I have run a sequence analaysis using the Optimal Matching algorithm. Afterwards, I have clustered the resulting distance matrice using the Ward algorithm and calculated silhouettes as measures of cluster quality and to identify representative sequences.
Now, I am curious whether it is possible to estimate the sequences of the cluster centroids which, to my knowledege, must not be an original data point.
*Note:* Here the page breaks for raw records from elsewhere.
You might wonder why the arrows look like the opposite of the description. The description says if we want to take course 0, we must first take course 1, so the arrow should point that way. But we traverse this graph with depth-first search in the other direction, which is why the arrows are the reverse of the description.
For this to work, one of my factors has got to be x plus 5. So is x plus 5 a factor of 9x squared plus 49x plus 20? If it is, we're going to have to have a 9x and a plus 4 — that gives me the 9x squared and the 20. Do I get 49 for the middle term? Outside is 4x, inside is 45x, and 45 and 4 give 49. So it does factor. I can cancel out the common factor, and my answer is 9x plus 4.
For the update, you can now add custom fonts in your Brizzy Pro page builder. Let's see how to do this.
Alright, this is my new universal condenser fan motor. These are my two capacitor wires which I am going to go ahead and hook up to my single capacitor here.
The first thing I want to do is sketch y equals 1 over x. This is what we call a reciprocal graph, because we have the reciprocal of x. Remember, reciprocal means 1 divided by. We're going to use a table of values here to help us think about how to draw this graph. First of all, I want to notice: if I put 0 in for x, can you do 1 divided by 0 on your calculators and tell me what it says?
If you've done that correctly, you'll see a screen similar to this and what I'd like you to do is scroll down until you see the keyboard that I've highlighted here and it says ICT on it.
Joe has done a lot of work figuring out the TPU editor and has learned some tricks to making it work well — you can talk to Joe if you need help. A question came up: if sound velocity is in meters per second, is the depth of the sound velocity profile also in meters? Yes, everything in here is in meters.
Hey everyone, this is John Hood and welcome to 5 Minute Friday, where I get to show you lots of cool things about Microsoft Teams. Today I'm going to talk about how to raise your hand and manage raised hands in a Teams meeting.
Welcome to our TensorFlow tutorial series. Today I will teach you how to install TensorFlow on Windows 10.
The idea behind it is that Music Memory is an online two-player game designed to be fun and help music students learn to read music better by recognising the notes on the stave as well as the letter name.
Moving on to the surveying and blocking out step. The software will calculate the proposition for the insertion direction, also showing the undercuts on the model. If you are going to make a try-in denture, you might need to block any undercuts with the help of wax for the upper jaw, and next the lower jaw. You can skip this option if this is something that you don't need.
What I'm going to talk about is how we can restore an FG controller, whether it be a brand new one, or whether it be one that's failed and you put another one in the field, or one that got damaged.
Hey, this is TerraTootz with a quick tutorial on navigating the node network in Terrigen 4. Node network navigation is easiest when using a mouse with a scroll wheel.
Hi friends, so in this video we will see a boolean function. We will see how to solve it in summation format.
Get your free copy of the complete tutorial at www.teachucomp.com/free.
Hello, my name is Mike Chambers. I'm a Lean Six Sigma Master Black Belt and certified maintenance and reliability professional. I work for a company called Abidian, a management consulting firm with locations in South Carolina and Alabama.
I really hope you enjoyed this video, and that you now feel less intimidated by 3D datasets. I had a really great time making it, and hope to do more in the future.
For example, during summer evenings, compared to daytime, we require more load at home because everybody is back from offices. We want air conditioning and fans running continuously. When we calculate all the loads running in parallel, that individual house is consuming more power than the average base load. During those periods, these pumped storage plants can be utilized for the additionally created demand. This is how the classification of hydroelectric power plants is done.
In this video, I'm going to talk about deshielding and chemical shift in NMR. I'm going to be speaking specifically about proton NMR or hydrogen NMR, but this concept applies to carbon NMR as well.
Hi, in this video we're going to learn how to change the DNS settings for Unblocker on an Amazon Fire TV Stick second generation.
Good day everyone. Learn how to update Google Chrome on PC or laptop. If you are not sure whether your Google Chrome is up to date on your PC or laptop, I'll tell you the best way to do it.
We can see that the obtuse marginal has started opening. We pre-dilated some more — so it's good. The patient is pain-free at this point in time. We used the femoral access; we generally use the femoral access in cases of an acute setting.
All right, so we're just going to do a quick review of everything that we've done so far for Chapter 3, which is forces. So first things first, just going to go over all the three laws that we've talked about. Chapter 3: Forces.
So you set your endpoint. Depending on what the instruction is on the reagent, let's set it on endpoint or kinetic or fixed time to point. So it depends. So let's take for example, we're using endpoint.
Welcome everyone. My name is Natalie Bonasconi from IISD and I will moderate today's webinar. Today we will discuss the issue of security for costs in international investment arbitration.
How can I estimate the sequence of a centroid?
To get an idea of the different steps of the analysis, consider this manual example[1]:
library(TraMineR)
library(WeightedCluster)
data(mvad)
mvad.alphabet <- c("employment", "FE", "HE", "joblessness", "school", "training")
mvad.labels <- c("Employment", "Further Education", "Higher Education", "Joblessness", "School", "Training")
mvad.scodes <- c("EM", "FE", "HE", "JL", "SC", "TR")
## Define sequence objects
mvad.seq <- seqdef(mvad[, 17:86], alphabet = mvad.alphabet, states = mvad.scodes, labels = mvad.labels, weights = mvad$weight, xtstep = 6)
## Computing OM dissimilarities
mvad.dist <- seqdist(mvad.seq, method="HAM", sm="CONSTANT")
## Clustering
wardCluster <- hclust(as.dist(mvad.dist), method = "ward", members = mvad$weight)
clust4 <- cutree(wardCluster, k = 4)
## Silhouettes
sil <- wcSilhouetteObs(mvad.dist, clust4, weights = mvad$weight, measure = "ASWw")
## Sequence index plots ordered by representativeness
seqIplot(mvad.seq, group = clust4, sortv = sil)
In this example, it would be for example interesting to see whether the sequence of third cluster's centroid differes from the most representative, original sequences in the cluster which are printed at the very top of the sequence index plot. In other cases, the centroid sequence may even have a more idealtype character which does not exist in the original dataset but reflects certain typical structures.
[1] See for the example Studer, Matthias (2013). WeightedCluster Library Manual: A practical guide to creating typologies of trajectories in the social sciences with R. LIVES Working Papers, 24.